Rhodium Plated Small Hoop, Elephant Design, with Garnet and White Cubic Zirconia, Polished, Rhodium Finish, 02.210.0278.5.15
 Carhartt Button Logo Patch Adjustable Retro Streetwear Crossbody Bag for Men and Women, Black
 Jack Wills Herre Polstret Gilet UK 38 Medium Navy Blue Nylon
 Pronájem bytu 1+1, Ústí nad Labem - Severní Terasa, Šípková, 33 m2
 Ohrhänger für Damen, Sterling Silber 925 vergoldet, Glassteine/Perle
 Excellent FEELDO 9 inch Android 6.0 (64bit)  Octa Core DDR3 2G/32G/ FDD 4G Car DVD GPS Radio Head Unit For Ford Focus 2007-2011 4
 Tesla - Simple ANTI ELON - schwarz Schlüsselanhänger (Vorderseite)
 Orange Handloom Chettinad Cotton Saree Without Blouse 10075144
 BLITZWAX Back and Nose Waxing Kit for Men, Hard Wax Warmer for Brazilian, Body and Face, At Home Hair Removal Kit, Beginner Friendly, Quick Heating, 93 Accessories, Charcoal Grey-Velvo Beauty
----
Give again each line shown above, keeping every word as it is.

Rhodium Plated Small Hoop, Elephant Design, with Garnet and White Cubic Zirconia, Polished, Rhodium Finish, 02.210.0278.5.15
 Carhartt Button Logo Patch Adjustable Retro Streetwear Crossbody Bag for Men and Women, Black
 Jack Wills Herre Polstret Gilet UK 38 Medium Navy Blue Nylon
 Pronájem bytu 1+1, Ústí nad Labem - Severní Terasa, Šípková, 33 m2
 Ohrhänger für Damen, Sterling Silber 925 vergoldet, Glassteine/Perle
 Excellent FEELDO 9 inch Android 6.0 (64bit)  Octa Core DDR3 2G/32G/ FDD 4G Car DVD GPS Radio Head Unit For Ford Focus 2007-2011 4
 Tesla - Simple ANTI ELON - schwarz Schlüsselanhänger (Vorderseite)
 Orange Handloom Chettinad Cotton Saree Without Blouse 10075144
 BLITZWAX Back and Nose Waxing Kit for Men, Hard Wax Warmer for Brazilian, Body and Face, At Home Hair Removal Kit, Beginner Friendly, Quick Heating, 93 Accessories, Charcoal Grey-Velvo Beauty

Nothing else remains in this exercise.